Types of data product — Raw Data

Bryan Yang
A multi hyphen life
4 min readNov 4, 2022

Garbage in, garbage out

Just like rice is to rice, wheat is to noodles, the original data is the most basic existence of any data product.

When I was studying statistics in graduate school, the professor often used the phrase “garbage in, garbage out”. Statistics is the result of whatever data is put into it, but the prerequisite for this result to be meaningful lies in the quality of the data brought to the analysis. The quality and type of data will directly affect the final quality of the data product.

Garbage in, garbage out

Here are some familiar fallacies caused by data quality bias

Some trolls said that their annual income starts from $200,000.

There is always someone sharing their salaries on the internet such as it’s just three years after changing jobs or getting $100,000 just graduating from college. After seeing these, you may think that salaries in this world start at $100,000. We all know this is absolutely biased, but what is wrong with it? Let’s look at the following points.

Is the data fraudulent?

Any data collected from End Users are likely to be biased, whether by memory or by deliberate misinformation. Most of the surveys will investigate the basic information of users, including gender, age, occupation, income, and so on.

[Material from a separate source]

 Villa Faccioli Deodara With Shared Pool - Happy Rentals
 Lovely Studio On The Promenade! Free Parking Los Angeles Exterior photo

If it is a face-to-face interview, we can still identify gender and age from the eyes, but if it is a telephone interview or online survey, these cannot be directly confirmed, not to mention the difficulty of determining occupation and income. However, someone says that because of the anonymity of the Internet, respondents are more willing to provide truthful information for reference, but as the internet becomes less anonymous (and individuals may be backtracked by ID or IP), the truthfulness of such surveys is being tested.

Survivorship bias?

Survivorship bias is a fallacy in selection (Wiki-survivorship bias), Dcard is a social platform, and Dcard was used most by university students in Taiwan, so those who would stay and post on it were a group of people with good education and some work experience, so their starting salary would have been much higher than that of the government survey.

Sampling error due to a bad sampling

If we can’t survey everyone’s salary due to practical considerations, then let’s sample. Sampling itself is a good idea, but how do we do it? Distributing a survey online seems like a pretty random method, but it is also limited by the “all possible respondents that can be reached by the survey” limitation. For example, if you only put the survey on Dcard, only users on Dcard are likely to fill out the questionnaire. If you put the survey on Jitterbug, you’re reaching a different group of respondents.

Even if you use random dialing by phone, you can only reach people with phone numbers. If one person has a thousand phone numbers, the chances of that person receiving an interview will increase dramatically.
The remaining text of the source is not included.